Mark Woodward wrote:
Hi all,
came across this [Emacs] link the other day and wondered if Vim
can do this?
http://steve-yegge.blogspot.com/
in summary...
change these to Bob, Sue, Ralph etc (capitalised)
bob
sue
ralph
alice
jimmy
preston
billy joe jim bob
:s/\w\+/\u\0/g
capitalise last letter (eg boB)
:'<,'>s/\(\w\+\)\(\w\)/\1\u\2/g
change each of these to getFather(), getMother() etc
public Relative father() { return this.father; }
public Relative mother() { return this.mother; }
public Relative sister() { return this.sister; }
public Relative brother() { return this.brother; }
public Relative auntie() { return this.auntie; }
public Relative uncle() { return this.uncle; }
:'<,'>s/public Relative\zs\(\w\)/get\U\1/g
1. change these to number order starting at 1 (1, 2, 3, 4 etc)

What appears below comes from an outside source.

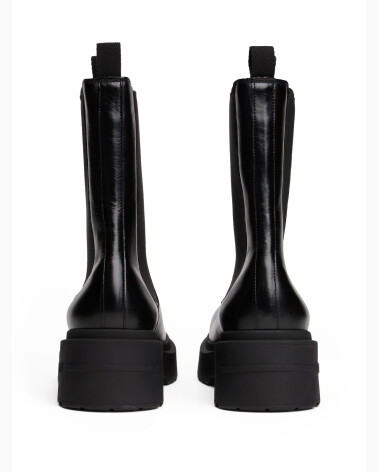 Tommy Hilfiger chunky ankle boots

2. change these to alpha list (a, b, c, etc)
[This one has me stumped although I'm sure I've seen something
along these lines before. ? something to do with sub-replace-special
and submatch?]
1987:Bogotá
5243:Fabergé
9772:Mallarmé
12044:Paraná
12499:Poincaré
16956:abbé
19923:appliqué
20932:attaché
23704:blasé
26223:café
26511:canapé
29314:cliché
31431:consommé
38981:décolleté
42995:fiancé
43623:flambé
44996:frappé
48317:habitué
58328:macramé
58898:manqué
62514:naiveté
65243:outré
66710:passé
71609:protégé
73675:recherché
76387:risqué
76847:roué
77811:sauté
82455:soufflé
89055:touché
96268:émigré
96274:études
any hints?,
Since only acute accents are involved, and only on a or e, we just need
to replace á by a and é by e. The easiest is to do it in two passes:
:1,$s/á/a/g
:1,$s/é/e/g
If you want to do it in a single pass, and maybe for any possible
accents, it might be possible with a "pure" regexp, but I believe a
function would be simpler, and maybe even faster (but I'm less sure
about the latter):
:1,$s/[\x80-\xFF]/\=RemoveAccents(submatch(0))/g
where, prior to using the above substitute, we would have defined the
following:
let s:accentsDict = {
\ "á" : "a",
\ "â" : "a",
\ "à" : "a",
\ "ä" : "ae",
\ "ã" : "a",
\ "æ" : "ae",
\ "å" : "aa"
\ "ç" : "c",
\ "ð" : "dh"
\ "é" : "e",
\ "ê" : "e",
\ "è" : "e",
\ "ë" : "e",
\ "í' : "i",
\ "î" : "i",
\ "ì" : "i",
\ "ï" : "i",
\ "ñ" : "ny"
\ "ó" : "o",
\ "ô" : "o",
\ "ò" : "o",
\ "ö" : "oe",
\ "õ" : "o",
\ "ø" : "oe",
\ "ß" : "ss",
\ "þ" : "th",
\ "ú" : "u",
\ "û" : "u",
\ "ù" : "u",
\ "ü" : "ue",
\ "ÿ" : "y",
... similarly for uppercase ...
\ }
function RemoveAccents(byte)
if has_key(s:accentsDict, a:byte)
return s:accentsDict[a:byte]
else
return a:byte
endif
endfunction
For speed, we don't change bytes lower than 0x80 (which don't have
accents) and we use a Dictionary (which is set up once, when
initialising the script) rather than a set of if... elseif... etc.
However, Dictionaries are only possible with Vim 7 or later. Note also
that the "keys" of the Dictionary must be single characters but the
"values" don't have to. I have tried to mention all lowercase accented
letters present in Latin1, plus ae, o-bar, edh, thorn and eszet, which
are also part of Latin1 and present in some national alphabets, but not
in 7-bit US-ASCII. If I forgot any, they can easily be added.
Best regards,
Tony.